If not, here’s the quick summary:
David describes how different listening environments produce different types of music – loud tribal music is suited to be heard outdoors; choir songs with no rhythm, no key changes and long notes are perfect for large echo-filled cathedrals. Technology like microphones and the radio encouraged the introduction of lyrics and the development of the popular music we know today. Even listening environments like a car stereo helped rap become popular – because it sounded great blaring from a car!
But here’s where my thoughts interject. David seems to suggest that popular music was intentionally written with the listening context in mind, but this isn’t necessarily the case. Many people can write in many different styles, it just so happens that some will sound better in a certain listening context than others. These artists will naturally emerge as the most popular. To take one of his specific examples – did U2 write music designed to sound great in a large stadium? Or did lots of young bands write lots of songs, with U2′s being selected by fans because it happened to sound great in the massive sports arenas?

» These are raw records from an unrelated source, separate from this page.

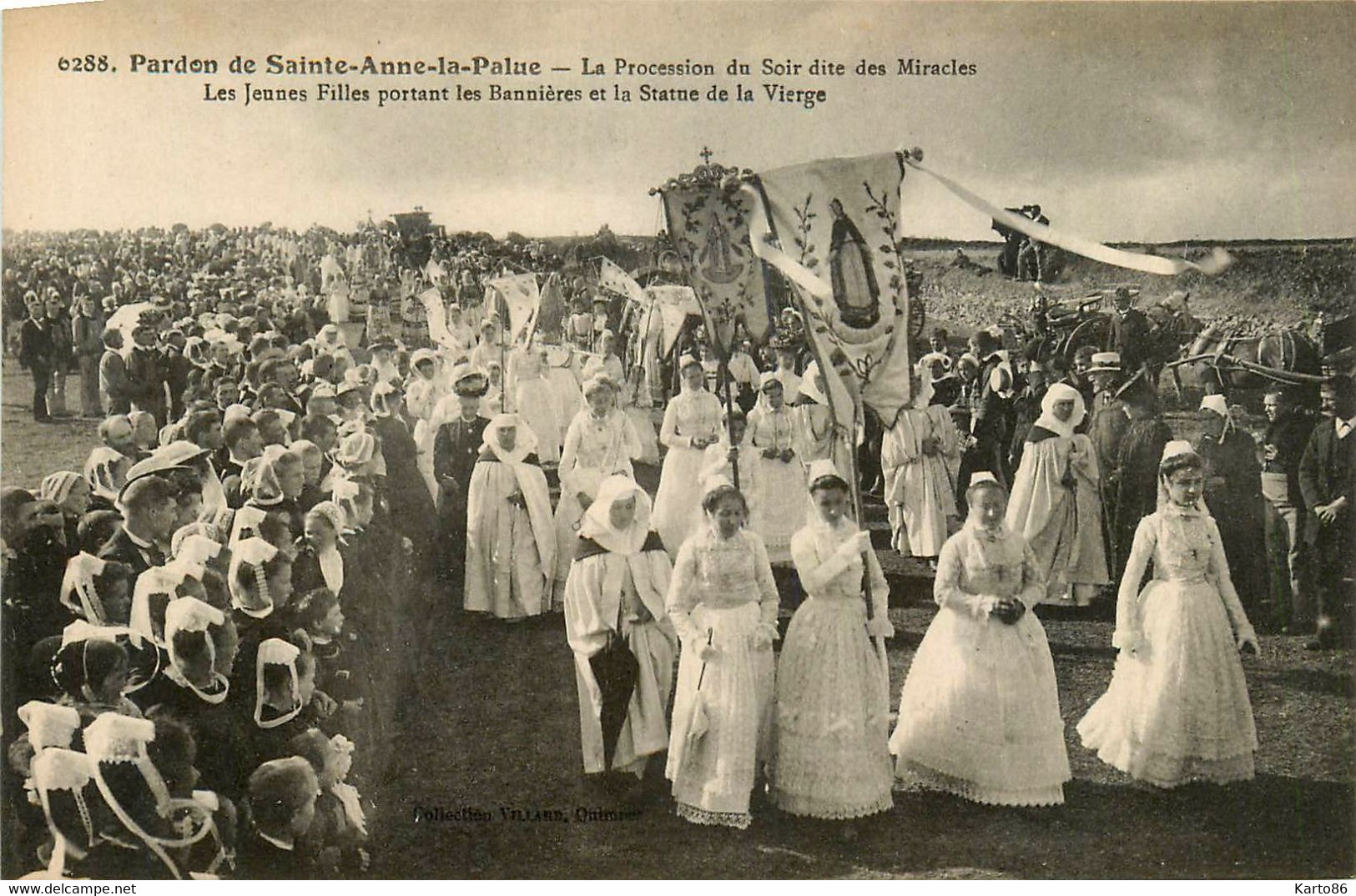 Plonévez Porzay * Pardon De Ste Anne La Palud * Procession Du Soir Dite " Des Miracles " * Jeunes Filles En Coiffe - Plonévez-Porzay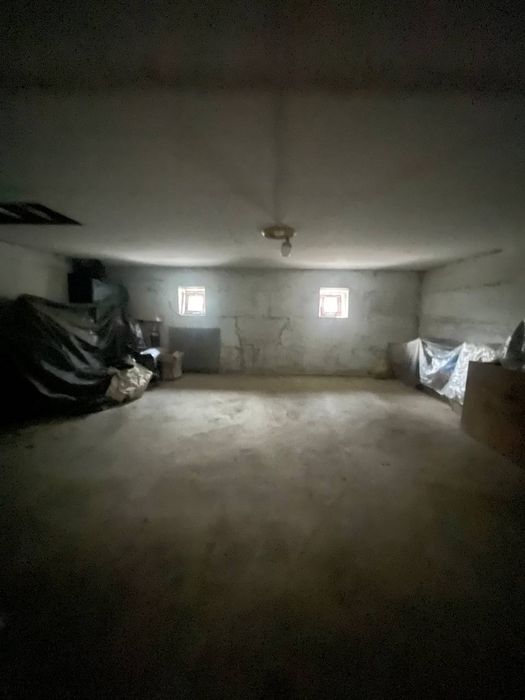 Qorasaroy 2 hona Novostroyka 1 chi etaj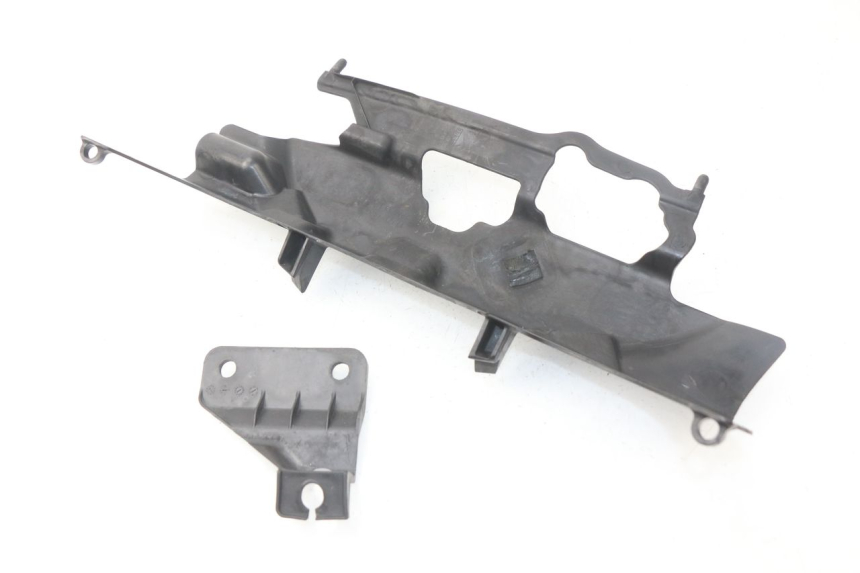 photo de COPERCHIO SOTTO SELLA SUZUKI GSX-R GSXR 750 (2011 - 2016) - Vista principale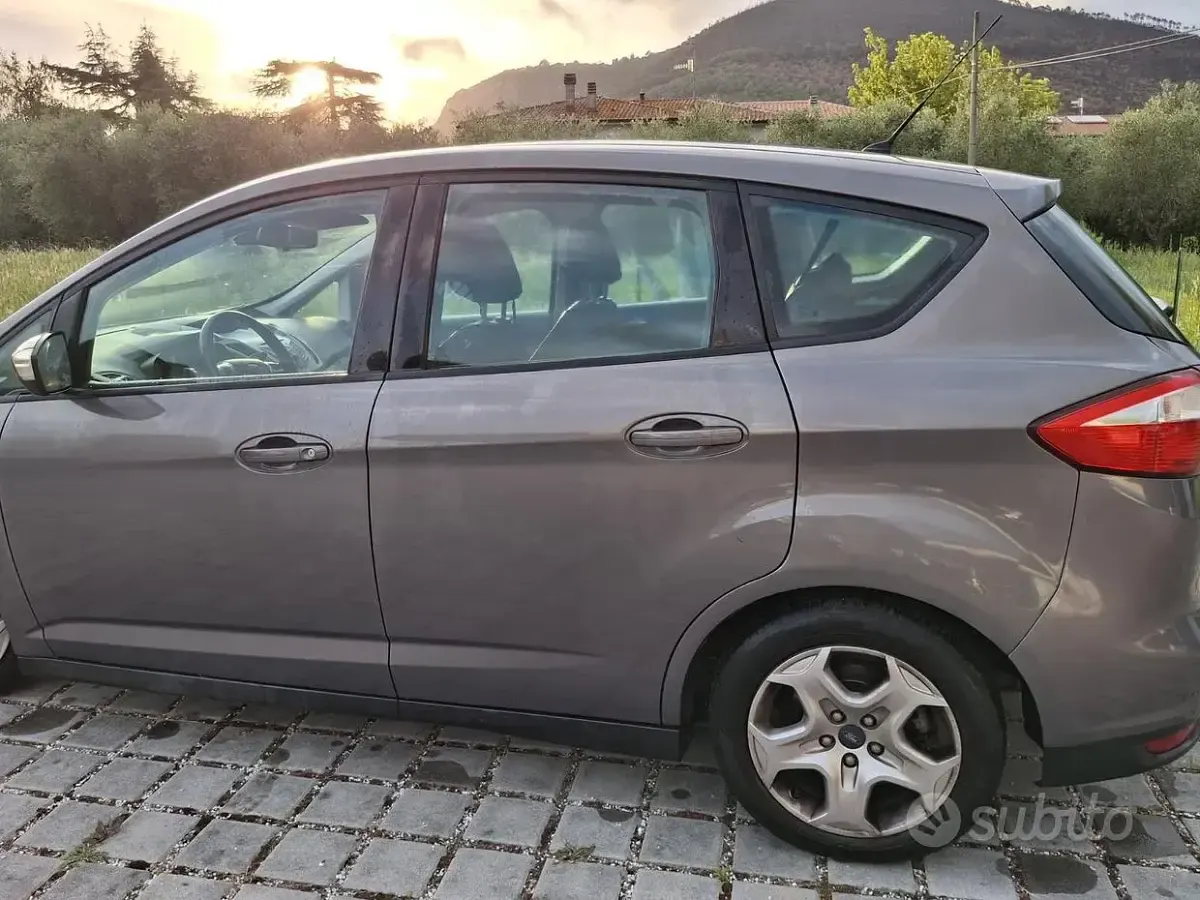 Usata Ford C-MAX 120 CV (88 kW) 2014 Grigio Monovolume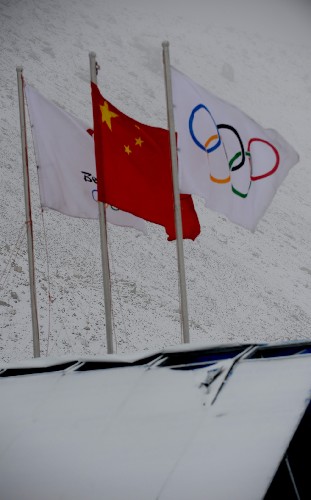 圖為在珠峰大本營,中國國旗、奧運五環(huán)旗和北京奧運會會旗在雪中迎風(fēng)飄揚。(5月3日攝) 新華社記者索朗羅布攝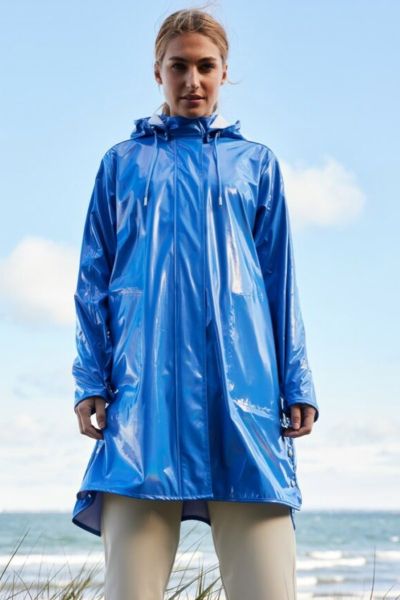 Ilse Jacobsen Raincoat In Gloss Regatta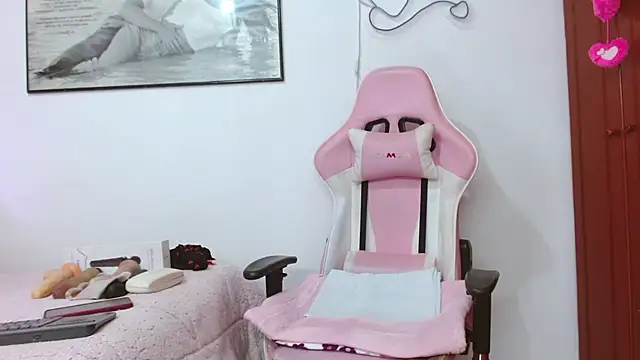 Snapshot of Amelie_Rousell chatting on 10/06/25, 02:25 Amelie Rousell online show from 10/06/25, 02:25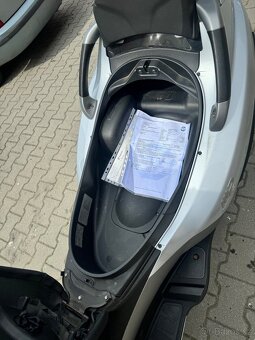 Piagio MP3 125cm - 8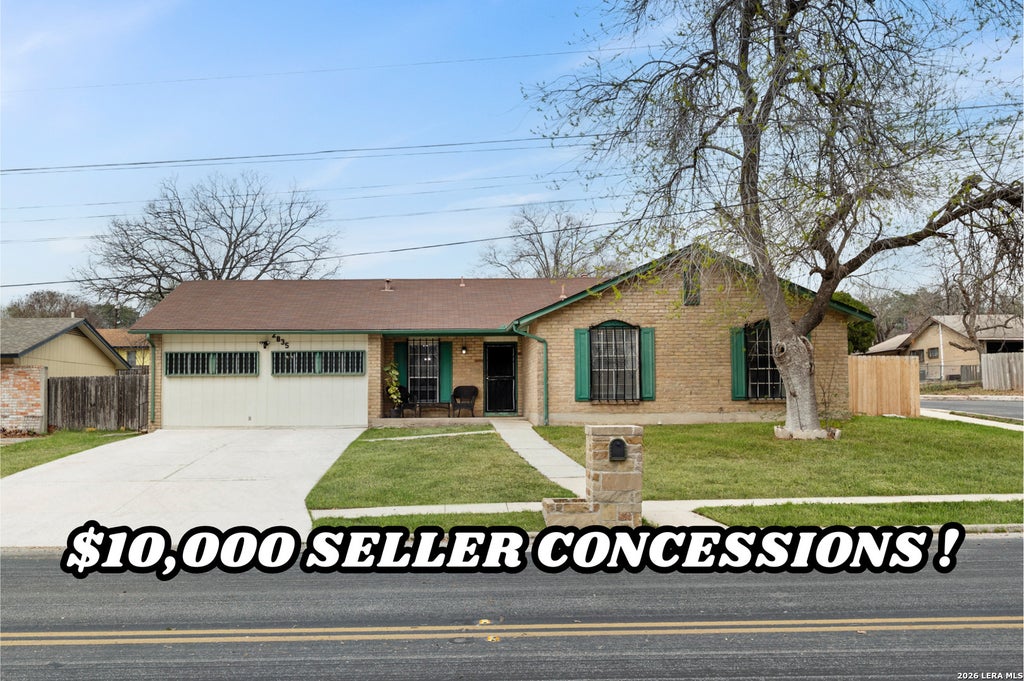 Photo of 2835 Hiawatha, San Antonio, TX 78210 (MLS # 1969708)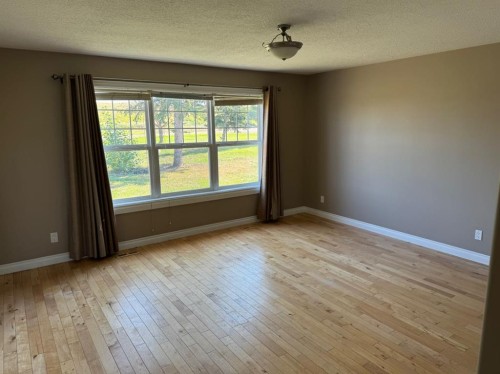 Rr 115 Twp Rd 554, Rural Two Hills No. 21, County Of, AB - Indoor Photo Showing Other Room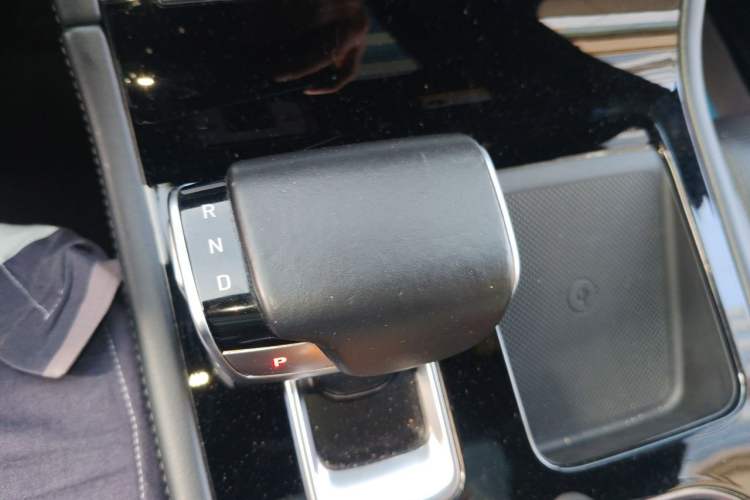 Used Li Auto ONE 2020 Extended-Range 6-Seater Version Gear Lever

The process he’s describing – the evolution of popular music – is remarkably similar to evolution in Biology. The listening environment applies a sort of selective pressure on the music styles of the day. Those writers who compose music that suits the environment get selected for (i.e. become popular) and then influence the next generation of writers. I’m sure there’s also forethought and planning involved too – once U2 realised how great their songs sounded in the stadium tours, they wrote more for the same effect.
Predicting The Future
Realising that the listening environment is such a huge determinant of which music became popular in the past, I wonder can it be used to predict what will be popular in the future?
David touches on the Mp3 player in his talk, but what about technologies that are only just emerging today? “Music in the cloud” services like Spotify, Pandora (or even Youtube) will allow people to listen to any song at any time. Music will be streamed not owned and people will have an infinite selection of music to choose from. This is the new listening context we can see emerging, what do you image the musical style best adapted to this context will sound like?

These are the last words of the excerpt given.